Post-acne scars are a prevalent cosmetic complaint that usually require multi-modality treatment to achieve accepted results.

Objectives

The target of this research was to evaluate and compare the efficacy and safety of microneedling with topical insulin versus microneedling with non-cross-linked hyaluronic acid in atrophic post-acne scar treatment.

Methods

The current comparative split-face research included 30 patients with atrophic facial acne scars. Each patient received six sessions of microneedling with topical insulin on one side of the face and microneedling with non-cross-linked hyaluronic acid on the other side. Sessions were done three weeks apart, and digital photographs were taken before and three months after the last treatment session. Goodman and Baron qualitative and quantitative grading system was used to evaluate the improvement across both sides of the face, along with patient satisfaction.

Results

Three months after the last session, a statistically significant improvement in qualitative acne scar grading on both sides of the face (P < 0.001) was reported, with non-significant difference between the two sides (P = 0.864). Moreover, the mean percentage of improvement in quantitative acne scar grading was 49.18 ± 13.22 on the insulin side and 47.72 ± 15.08 on the hyaluronic acid side, with non-significant difference between the two sides after treatment (P = 0.235).

Conclusion

Both microneedling with topical insulin and with non-cross-linked hyaluronic acid achieved comparable significant improvement of atrophic post-acne scars.

Keywords: acne scars, microneedling, insulin, non-cross-linked hyaluronic acid

Introduction

Acne scarring is a common cosmetic problem. Normal tissue replacement with fibrous scars occurs due to acne’s inflammatory process [1]. Despite the presence of various treatment options for acne scars, a standard treatment that will permanently improve the condition has not been established, and combined methods should be used to obtain ideal cosmetic results [2].

Microneedling is a well-established option for scar management, especially when combined with topical agents. It is a transdermal collagen induction and trans-epidermal medication delivery technique in which very tiny needles are rolled into the skin to penetrate it superficially and controllably [3].

Blood glucose concentration is balanced by insulin. Because of insulin’s roles in metabolism, cellular proliferation, protein synthesis, and growth, it is considered a potent factor in the healing process. Insulin also controls the proliferation, growth, migration, and development of fibroblasts, keratinocytes, and endothelial cells [4].

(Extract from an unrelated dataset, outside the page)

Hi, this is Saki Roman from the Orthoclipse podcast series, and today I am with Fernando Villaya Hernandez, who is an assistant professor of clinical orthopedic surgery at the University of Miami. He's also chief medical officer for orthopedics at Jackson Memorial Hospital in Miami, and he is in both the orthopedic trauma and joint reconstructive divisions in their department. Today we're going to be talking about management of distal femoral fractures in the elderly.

Hyaluronic acid (HA) is a mucopolysaccharide found in high concentration in the epidermis and dermis in order to maintain skin hydration. Non-cross-linked HA can promote collagen deposition via enhancing the anabolic activity of dermal fibroblasts, and it plays a critical role in the wound healing process [5].

Objective

A few studies have evaluated the efficacy of topical insulin for acne scar treatment. Thus, the target of this research was to evaluate microneedling with topical insulin versus with non-cross-linked HA in atrophic acne scar treatment.

Methods

The current prospective split-face comparative research enrolled 30 cases diagnosed clinically with atrophic acne scars who were randomly selected from the Al-Zahraa Hospital Dermatology Outpatient Clinic. The study was approved by The Research Ethics Committee (REC) of the Faculty of Medicine for Girls, Al-Azhar University, Cairo, Egypt, with approval code 202104792.

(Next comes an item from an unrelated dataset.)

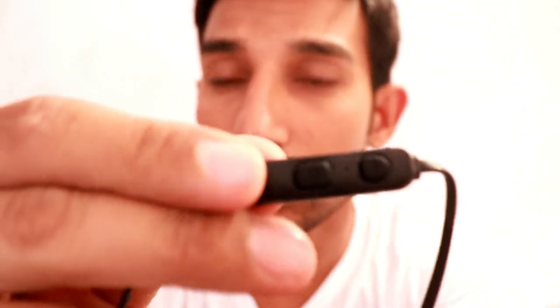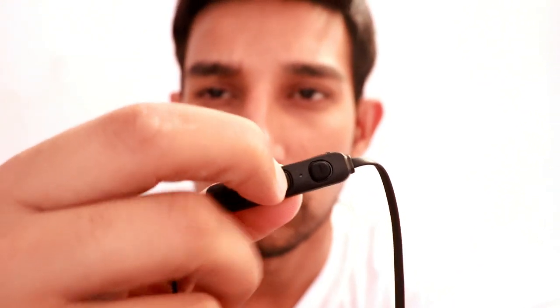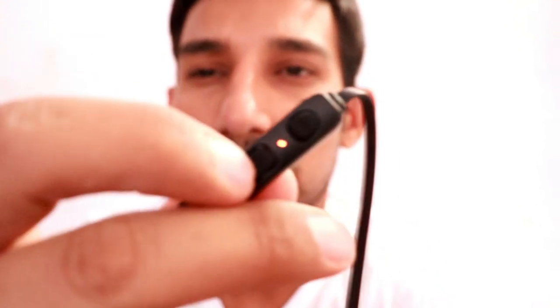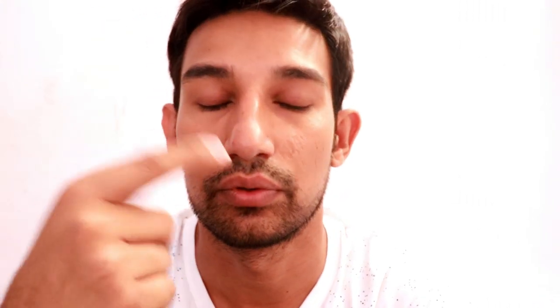Now I will open it. The main thing is this — let's remove it. Here, see. It's the start, the bottom, it's the on/off. Press it. Yes, it's coming. So it's on. Now you have to turn on Bluetooth on your phone, connect it, and then you can use it. The sound was very loud.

Before enrollment in this research study, the procedure details were discussed with the patients, and informed written consent was obtained from them. The presence of atrophic facial acne scars, age between 18 and 45 years, and the absence of post-acne scar treatment in the previous three months were required for inclusion. Exclusion criteria were pregnancy, lactation, keloidal tendency, coagulation disorders or bleeding tendency, active inflammatory acne lesions, active infection such as viral warts or herpes simplex in the treatment area, and uncontrolled blood glucose level.

Treatment Protocol

A sufficient layer of topical anesthetic cream (pridocaine cream, formed of prilocaine 2.5% + lidocaine 2.5%) was applied to the face 30 minutes before the procedure, then the face was washed with water and disinfected with alcohol. The whole face was treated with microneedling using a dermapen (Dr. Pen Ultima A6; Bjheyetec Electronic Technology Co., Guangzhou, China) with 36 disposable needles at 1.5 mm depth and adjusted speed. The dermapen device was applied over the skin with one hand while the other hand stretched the skin to expose the scar’s base for the dermapen. The device was moved vertically until uniform pinpoint bleeding was seen. To avoid encrustation, sterile saline was used to wipe the blood away.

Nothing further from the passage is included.